These types of articles are only useful if your looking for a starting point
to get a conversation going on a topic. They are not good for supporting your
conclusion one way or the other once you have analyzed the topic.

------
sandov
Given the current technological landscape, we are not ready for a cashless
society. People don't have the knowledge nor the equipment required to make it
a good system. Avoiding this cashless thing seems like the correct move, until
we have good social infrastructure (in my opinion, not likely to happen before
2060). We need what Richard Stallman calls digital extraction:

>Projects with the goal of digital inclusion are making a big assumption. They
are assuming that participating in a digital society is good, but that's not
necessarily true.

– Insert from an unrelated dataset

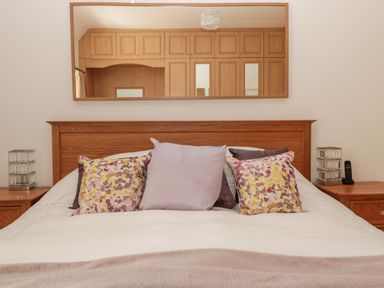 A bedroom with a wooden headboard a bed with five decorative pillows a blanket on the bed two bedside tables with lamps a mirror reflecting wooden cabinets at 1A Chantry Place in Morpeth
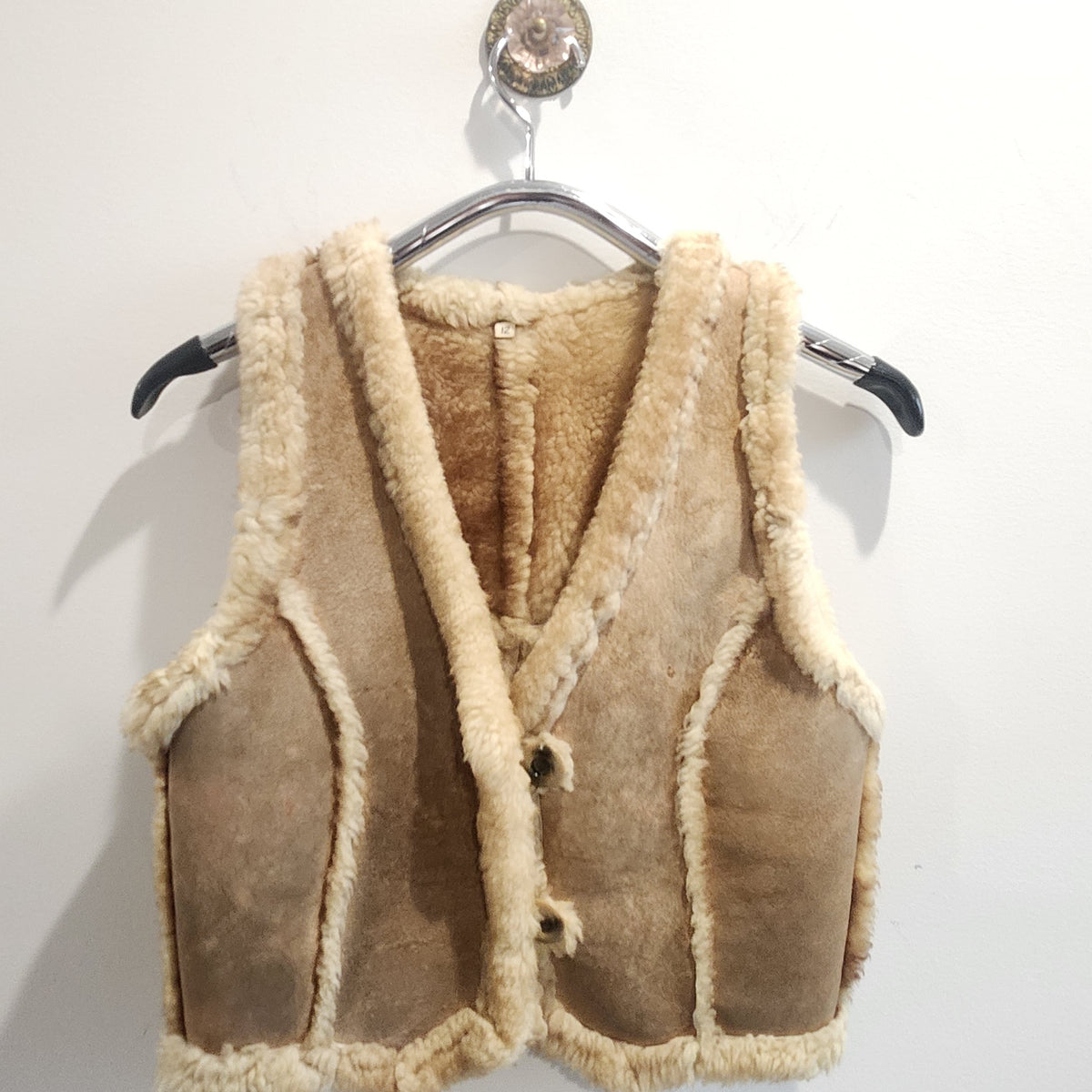 Lucille Golden Vintage, LLC tan suede vest with cream shearling lining and button-front closure on a hanger.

Being in a digital society can be good or bad, depending on
whether that digital society is just or unjust. There are many ways in which
our freedom is being attacked by digital technology. Digital technology can
make things worse, and it will, unless we fight to prevent it.

>Therefore, if we have an unjust digital society, we should cancel these
projects for digital inclusion and launch projects for digital extraction. We
have to extract people from digital society if it doesn't respect their
freedom, or we have to make it respect their freedom.

[https://www.gnu.org/philosophy/free-digital-
society.en.html](https://www.gnu.org/philosophy/free-digital-society.en.html)